On Friday, Brent futures for October delivery were trading about US$6.50 a barrel over the U.S. benchmark, having more than doubled since June. But in six months time, the spread is only US$5.50 a barrel, with traders already pricing in a narrower gap that could throttle exports.
SUPPLY SWINGS
For much of this year, U.S. production has been surprisingly resilient in the face of falling prices. Data from North Dakota, the No. 2 U.S. oil producing state, on Friday showed that output increased in June, much to the surprise of Wall Street.
But the nationwide trend is changing. The Energy Information Administration says domestic output peaked in March at 9.69 million bpd and will fall by more than 900,000 bpd until next August before it resumes growing again.
Meanwhile, global supply is seen moving in the opposite direction. Over the same period, production of crude and other liquids outside of the United States is expected to climb by nearly 1.4 million bpd, according to EIA forecasts. Unlike the nimble U.S. shale patch, where drilling can be stopped or started within months, most global oil projects take years to develop, meaning it takes much longer for tumbling prices to affect supply.
With diminishing supplies of U.S. shale, benchmark WTI crude "may have to temporarily trade above Brent and Dubai next spring to ensure there is enough gasoline to go around," Bank of America-Merrill Lynch analysts wrote two weeks ago.
Short-term dynamics may actually increase the odds of an export push this fall, when U.S. refiners shut down for seasonal maintenance work. Inventories of excess U.S. crude have already begun rising much sooner than expected, driving prompt prices to a deepening discount. November WTI is at US$1.20 a barrel below October, the widest since April.
But down the road, "if we see production slowing in a significant way, then that will change the balance of things," says Katherine Spector, head of commodities strategy at CIBC World Markets in New York.
If the spread narrows back to the US$2 to US$3 seen earlier this year - Brent-linked crudes could easily and economically make the trans-Atlantic route and compete with U.S. crude.
If so, Mexico's state oil firm Pemex, which has never before imported crude on a sustained basis, may face a curious question: utilize the swaps with U.S. exporters, or simply buy discounted rival crude from places like Nigeria.
Pemex had been seeking an exchange of about 100,000 bpd, equivalent to about 1 percent of U.S. output. It was unclear how much the new licenses would cover.

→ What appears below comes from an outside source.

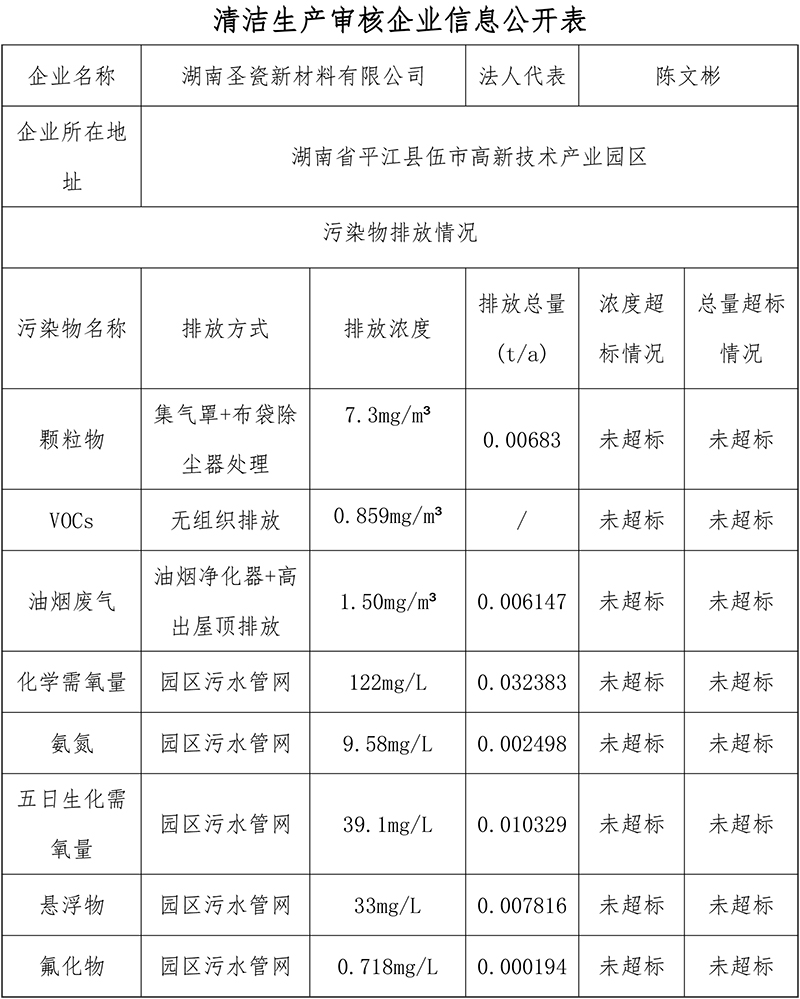 清潔生產(chǎn)審核企業(yè)信息公開表-1.jpg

In July, with refiners running full-tilt and the Brent/WTI spread briefly narrowed, U.S. imports from Nigeria jumped to 100,000 barrels bpd, four times the average for the first half of the year, according to the EIA.
As analysts at Barclays wrote, the "relative attractiveness of U.S. crude oil compared with other options available to Mexico (including Mexican light oil) remains unclear."